After many discussions


 internal and otherwise, I decided to do two shows in Indiana last weekend. One was in Bloomington, the main campus town of Indiana University, where 36,000 students learn stuff and the other was the quintessential Midwestern city, Indianapolis.
Did you know that Cole Porter, Leroy Carr, Yank Rachel, James Dean, The Ink Spots,Wes Montgomery and Hoagy Carmichael among others are from Indiana?

Other than one desolate time of 15 minutes outside the venue in Indianapolis waiting to go on stage, it was perfectly perfect, though a tad terrifying for me.

Professionally  I am still, really, mostly but not completely unknown.

   

One of the remarkable things was getting to see my old utopian-type hippie friends from the late 60's who came to the Bloomington concert.  What an overwhelming experience for me to be able to play my songs for  old friends the way I did 40 years ago!  There they were, sitting, looking and listening to me.   Try this....  Imagine you are a stand-up comedian and you go back to your college and tell jokes to your old friends and they laugh like crazy?  It was a precious rare gift for me to see their faces.
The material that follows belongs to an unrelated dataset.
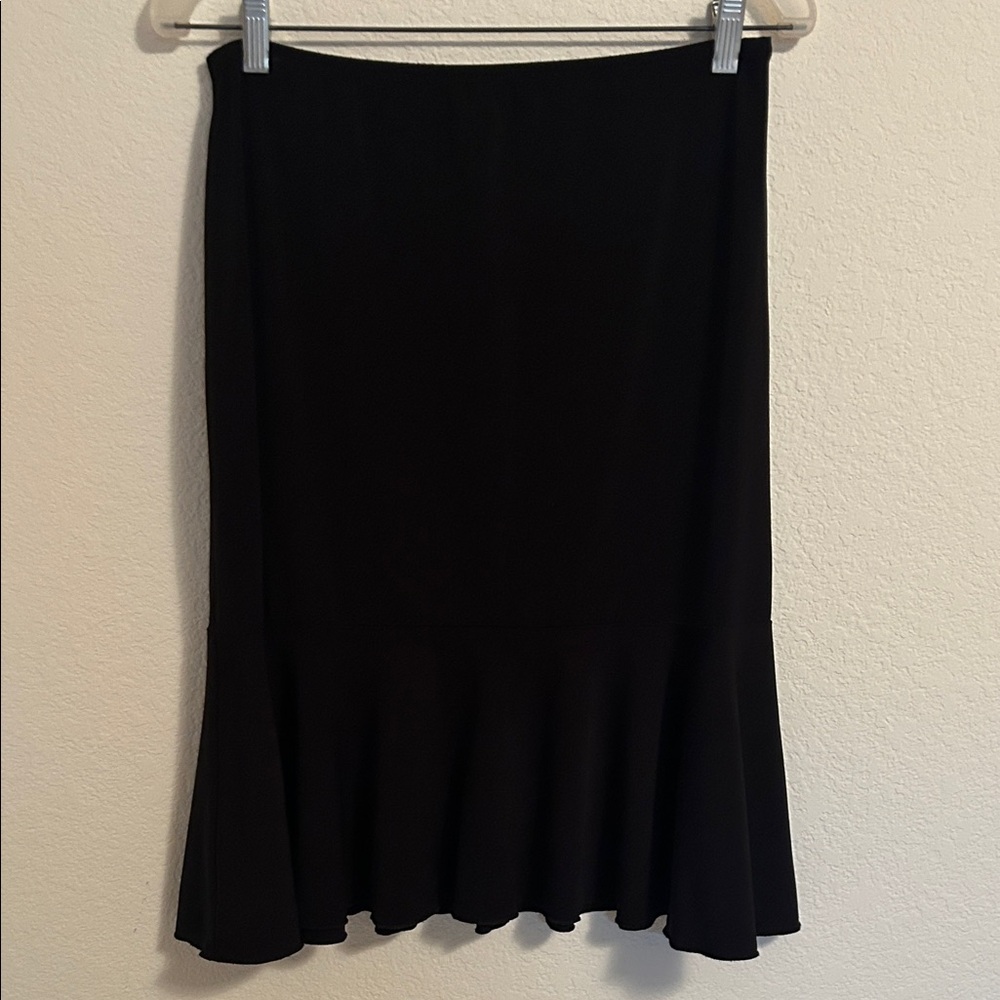 Notations Black Pencil Skirt with Flared Hem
I just cannot explain the feeling. ... a garden of living joys for me.  To me they were as young as when  I probably was to them.
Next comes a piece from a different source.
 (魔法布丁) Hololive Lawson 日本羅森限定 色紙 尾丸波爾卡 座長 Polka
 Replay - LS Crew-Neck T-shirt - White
One of the best parts  of the two days was staying at the home of my  generous host, Stan.  What a great character he turned out to be!   Stan has 250,000 songs in his computer.   He got me to laugh when he told me the titles to two  country  songs:  "Hold My Beer While I Kiss your Girl" and, "You Ain't Much Fun Since I Quit Drinking."  Those two songs alone were enough to once again  vindicate my position of not taking mainstream country music too seriously.  I am, however, strangely comforted that that kind of music is out there.
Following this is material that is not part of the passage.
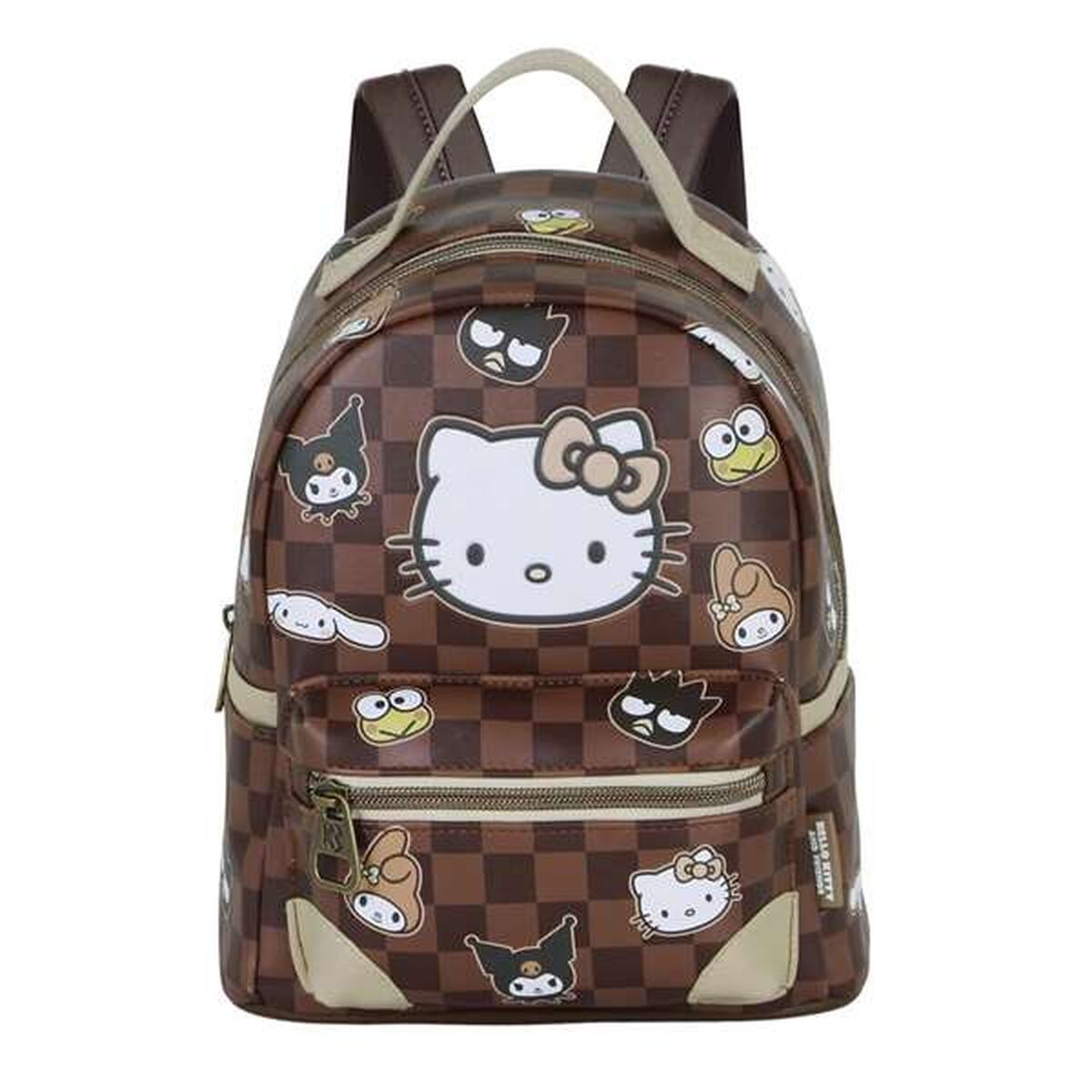 Σχολική Τσάντα Hello Kitty Καφέ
Watching Stan watch and react to his family and the world around him was  as fortifying an experience for me as the concerts themselves.

The Indianapolis concert was attended by mostly legal eagles: lawyers, judges and Democratic party faithful. I have to tell you that the decentness of Midwesterners is alive and well.  There is goodness between the fields and lanes of millions of ears of corn.

 I was solo  in a concert atmosphere.  I usually play with the band. Public perception and mind set is powerful.  Did you see the video of  the world class violinist who performed in the subway for an afternoon and no one listened?  It is on the Net.

Anyway, this morning I feel lucky once again to have been with those Indiana folks.  I am  grateful. I must certainly be appreciative for Carl and Polly who drove a third of the way across the US to hear me sing, from Connecticut to Indiana for an hour and 40 minutes of  songs! It astounds me and I still barely believe they did it, but they proclaimed their mission after several repeated stubborn inquiries from me. Yes, they did do that.  I am honored.  They must sure love music, tales, stories and  performance.

I have devoted a chunk of my life for it, I suppose they could too, why not.
Thanks for listening. They got a lot of corn in the midwest, well, they got more than a lot of corn in the midwest.